Supreme Court of North Carolina
Oct 1, 1951
234 N.C. 254 (N.C. 1951)

Opinion

Filed 10 October, 1951.

1. Insurance 36b (4) — When the wife feloniously kills her husband she is not entitled to receive the proceeds of an insurance policy on his life, even though she be named beneficiary therein. G.S. 28-10, G.S. 30-4, G.S. 52-19.

2. Insurance 36b (1) — The person entitled to the proceeds of a life insurance policy must be determined in accordance with the contract between the insurer and the insured, and the courts have no power to write into the contract any provision that is not there in fact or by implication of law in order to effectuate a presumed intent of insured.

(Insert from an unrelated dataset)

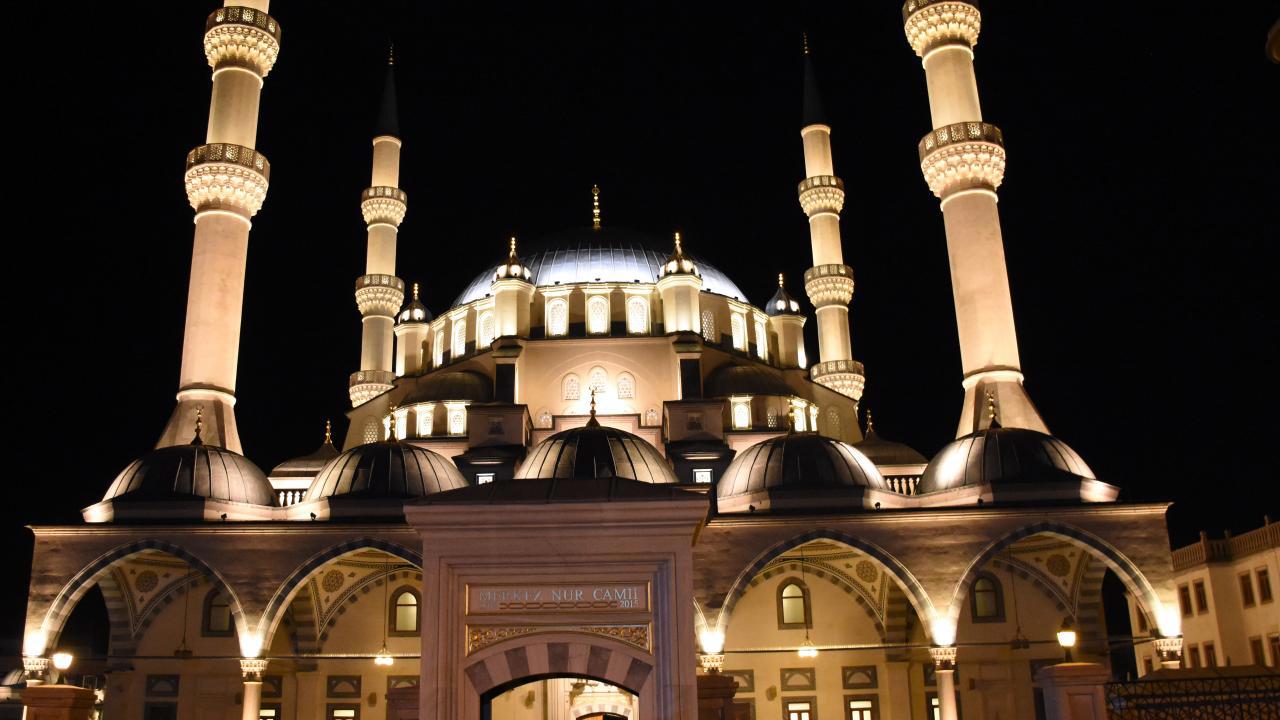 Üç Ayların İlk Mucizesi: Regaip Kandili Yarın Kutlanacak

3. Convicts and Prisoners 1 — A person sentenced to imprisonment for a term of years retains his property rights unless otherwise provided by statute, the doctrine of civiliter mortuus not being recognized in this State.

4. Insurance 36b (1) — The policy in suit provided that the proceeds should be paid to insured's wife if living or to the insured's foster son if insured's wife predeceased insured. The insured was feloniously slain by his wife, and she was sentenced to imprisonment for manslaughter. Held: The foster son is not entitled to the proceeds of the policy even though insured's wife forfeited her right thereto, since under the terms of the policy his interest was contingent upon the wife predeceasing insured, and the proceeds should be paid to insured's administrator for payment of his debts and distribution of the surplus to his next of kin.

APPEAL by plaintiff from Harris, J., June Term, 1951, of WILSON.

Thomas J. Moore, A. C. Owens, and L. H. Gibbons for plaintiff, appellant.

Talmadge L. Narron for defendant, appellee.


VALENTINE, J., took no part in the consideration or decision of this case.


This was a suit on a policy of insurance on the life of Willie P. Bullock. The defendant Insurance Company paid into court the amount due on the policy, leaving to be determined which of two rival claimants, the administrator of the insured or a contingent beneficiary, Rudolph Pink Bullock, was entitled to the fund.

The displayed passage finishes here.